Whether it is crocheting with paint, building structures that destabilize our preconceptions of space, or transforming found images to create a new idea through collage, these artists challenge set ideas of how things should be. Working with Cedric on this site-specific piece are his longtime artistic collaborators, brother and father Nathan and Jim Bomford; the exhibit also features new works by west coast artists Angela Teng, Shelley Penfold and Jess Willa Wheaton, and former Visual Arts Audain Professor Nicholas Galanin.
“I am really drawn to the everyday structures we have around us that we don’t really see very much—the things that become scenery on your commute,” Bomford explains in this Canadian Art interview. “That’s a pretty productive territory to mine: the overlooked dynamics within everyday life. I’m also interested in the power structures that exist in architecture, and these are often overlooked too . . . . Putting viewers on different elevations establishes a different kind of relationship for a gallery. Normally in a gallery everyone walks on the floor and looks at objects. Very rarely are you to forced to acknowledge your relationship to other people in the space or other objects in the space.”
It’s In The Making continues to February 12 at 1040 Moss Street, with an exhibit tour at 2pm Sunday, January 29.
“En Trance” by Sandra Meigs (Photo: Winchester Galleries)
En Trance is the latest exhibit by Visual Arts professor Sandra Meigs. For over 35 years, Meigs has created vivid, enigmatic paintings that combine dense narratives with comic elements; her works gradually reveal layers of meaning, giving viewers insight into psychological spaces and philosophical ideas. In 2015, Meigs was doubly honoured to win both a Governor General’s Award and the $50,000 Gershon Iskowitz Prize at the Art Gallery of Ontario.

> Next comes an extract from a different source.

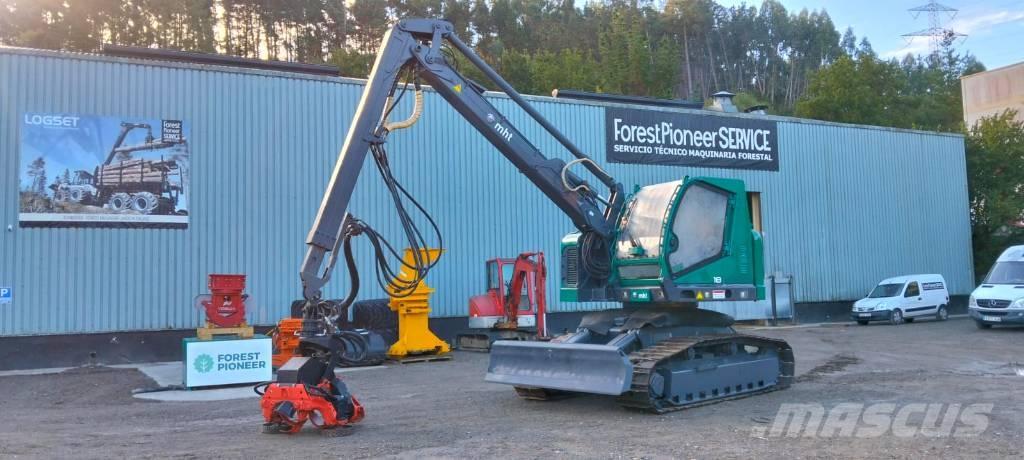 Neuson MHT 18002 원목 하베스터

Meigs says her paintings come from meditations that give entry to unlimited force, energy, love, being and presence. This allows a radical intervention into the practice of painting. The outcome of the intervention is exuberant visual energy coming forth through the work. Her work utters a call to pay attention, to wake up.
Each canvas permits an unfolding encounter. We can never really know the “experiencer”, she reminds us; we can only really know the experience. As such the paintings are talismans to elevate the soul, to get the small “egoic self” out of the way and to allow space for living in the moment.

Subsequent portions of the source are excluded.